§ Exercise directions: The line with "Somos Ákos: Feszített víz" and each line following it, up to the final line of the data, should be set down exactly; pictures stay out.
##############################
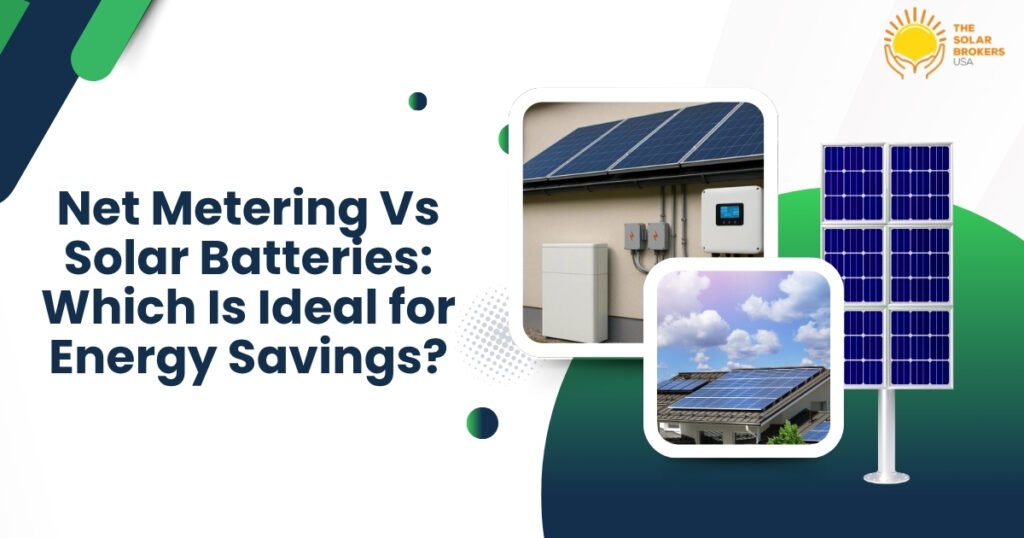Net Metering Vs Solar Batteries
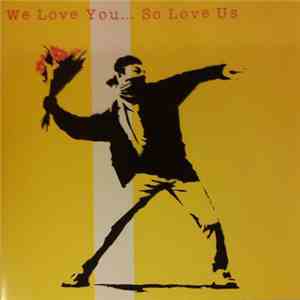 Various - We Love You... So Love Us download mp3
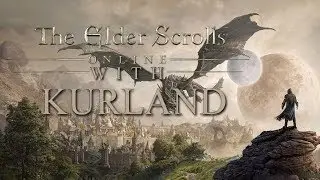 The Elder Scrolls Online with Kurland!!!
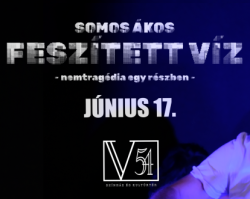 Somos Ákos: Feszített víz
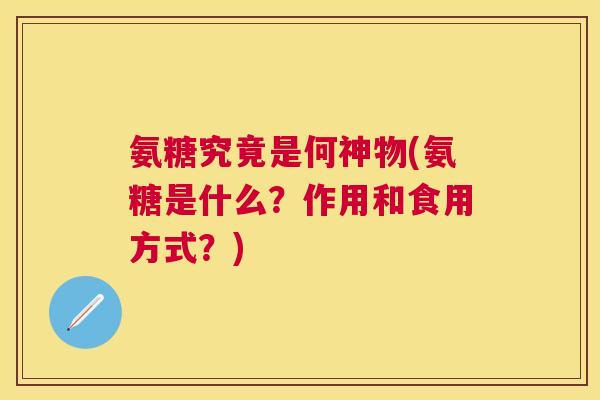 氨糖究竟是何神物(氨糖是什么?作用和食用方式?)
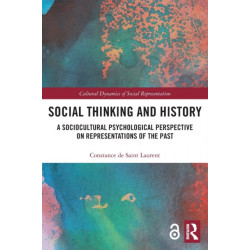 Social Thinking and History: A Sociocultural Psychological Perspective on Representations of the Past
##############################
§ Exercise result:
 Somos Ákos: Feszített víz
 氨糖究竟是何神物(氨糖是什么?作用和食用方式?)
 Social Thinking and History: A Sociocultural Psychological Perspective on Representations of the Past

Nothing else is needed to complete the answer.